COBRA. Technically, employment under a PEO is ending, which means your PEO has to notify employees of their COBRA rights. During your time with a PEO, the company typically holds a fee to cover COBRA costs in case any of your employees elect coverage. However, if you’ve identified other coverage that will begin when your PEO coverage ends, you can request to be reimbursed for that fee after 60-90 days.

Payroll. The last payroll through your PEO may need to be paid by a wire transfer, and the payroll won’t be released until the PEO receives the money. In addition, the PEO may send hard checks, rather than direct depositing your employees’ pay. These is inconvenient, and must be planned for if you’re unplugging.

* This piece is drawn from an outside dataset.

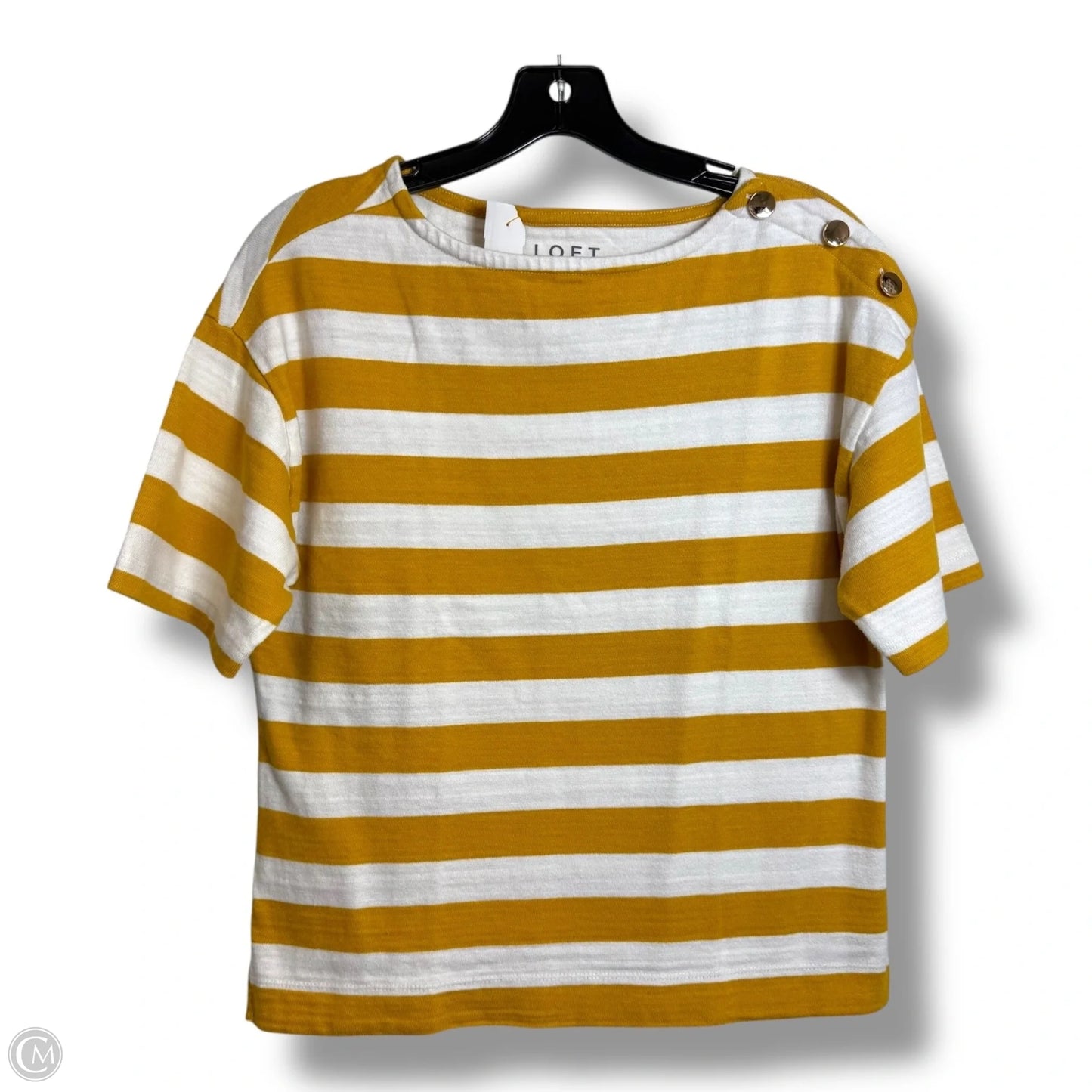 Top Short Sleeve By Loft In Striped Pattern, Size: Xs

End date/start date. Your PEO may stop offering administrative and payroll services on a different date than when your insurance coverages stop. You’ll need to consider some amount of overlap — or a very organized transition — to ensure your employees and business remain completely covered.

If your EPLI coverage ends and you have a pending claim, your legal defense benefit may not cover the claim.

State Unemployment Tax Act (SUTA) filings. Employers will have to file new SUTA paperwork for the state they’re doing business in. When these changes to SUTA and other employer-paid taxes are made it could result in a tax bill — moving employees from a PEO to your own federal employer identification number effectively resets your taxes for the year.

Employee-related changes. Some of these changes will be more noticeable than others to employees. In addition to needing to elect new benefits, employees may also experience a blackout period on their 401(k) plans where they can’t make changes (employers may also have to pay additional 401(k) fees). Your employees may also need to fill out the typical new employee paperwork like I-9s and W-4s again. In addition, employees will receive two W-2s for the year you make the switch.

You also may need to adjust your employee handbook and have employees agree to it again if your old handbook references a co-employment relationship with your PEO. As with any changes that will affect your employees, you should communicate early and often so everyone knows what to expect.

It isn’t uncommon to need to unplug from a PEO. When it comes time to vary your employee benefits offering or you’ve outgrown it, you should know you won’t be the first to have to do so. But unwinding from a PEO relationship does take a significant amount of planning and organization, and a keen understanding of exactly what you might endure during the transition period.